**Work task**
Take the material below and extract the lines from the one with "Cinturino elastico verde" through the one with "Marca da Bollo", word for word, without pictures.

(Beginning of Information)

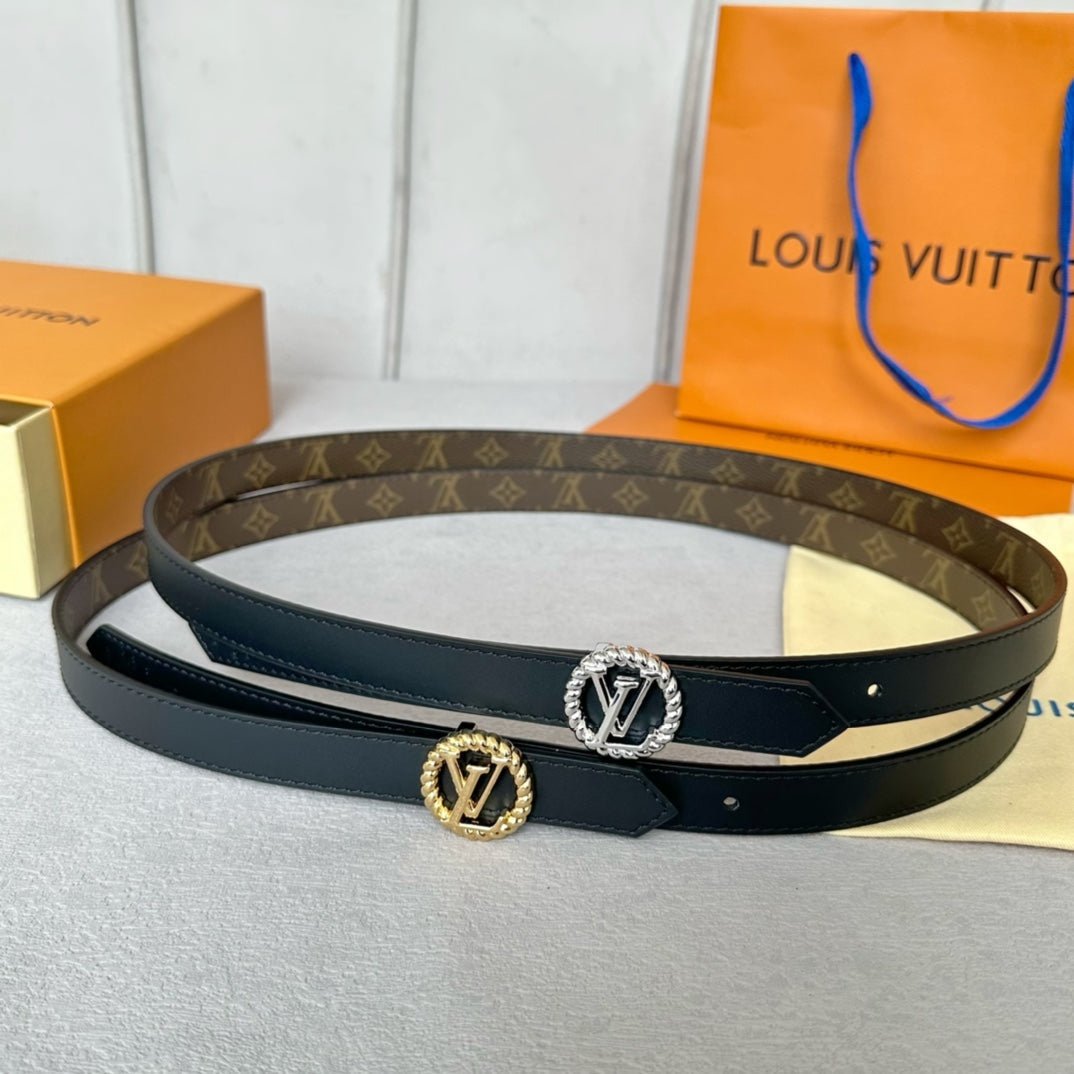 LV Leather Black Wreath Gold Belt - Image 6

(End of Information)
(Beginning of Information)

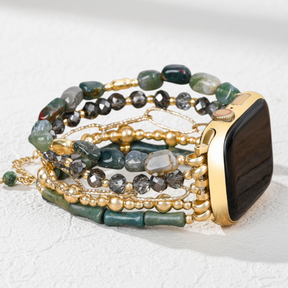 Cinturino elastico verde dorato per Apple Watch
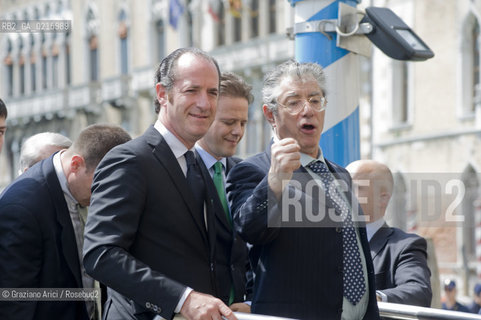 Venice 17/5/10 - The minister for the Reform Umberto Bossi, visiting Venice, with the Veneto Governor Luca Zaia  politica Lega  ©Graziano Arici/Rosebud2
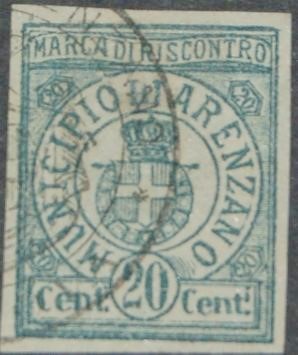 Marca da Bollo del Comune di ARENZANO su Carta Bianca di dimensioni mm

(End of Information)
(Beginning of Information)

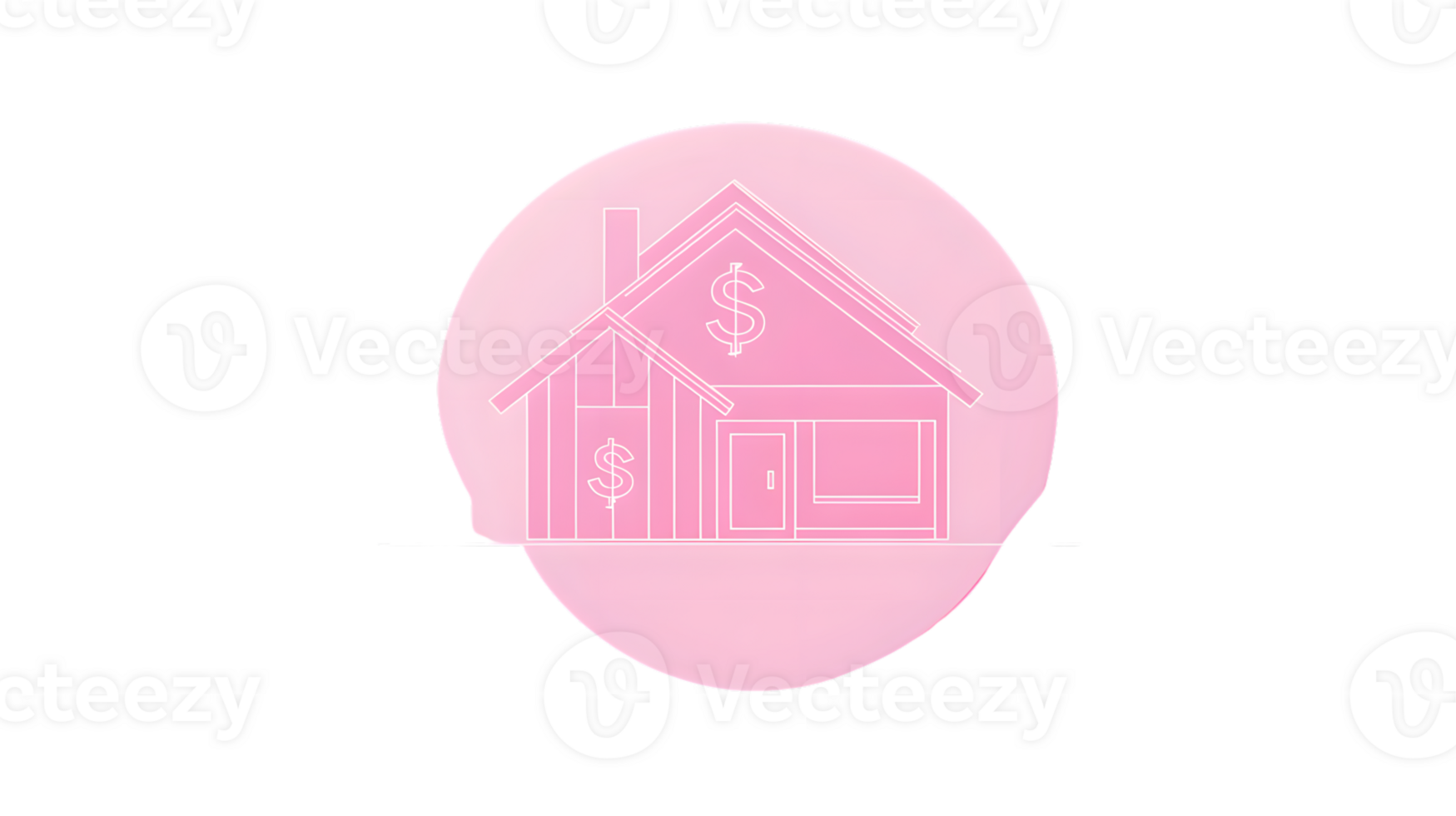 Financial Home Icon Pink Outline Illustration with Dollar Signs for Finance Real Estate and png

(End of Information)

**Reply**
 Cinturino elastico verde dorato per Apple Watch
 Venice 17/5/10 - The minister for the Reform Umberto Bossi, visiting Venice, with the Veneto Governor Luca Zaia  politica Lega  ©Graziano Arici/Rosebud2
 Marca da Bollo del Comune di ARENZANO su Carta Bianca di dimensioni mm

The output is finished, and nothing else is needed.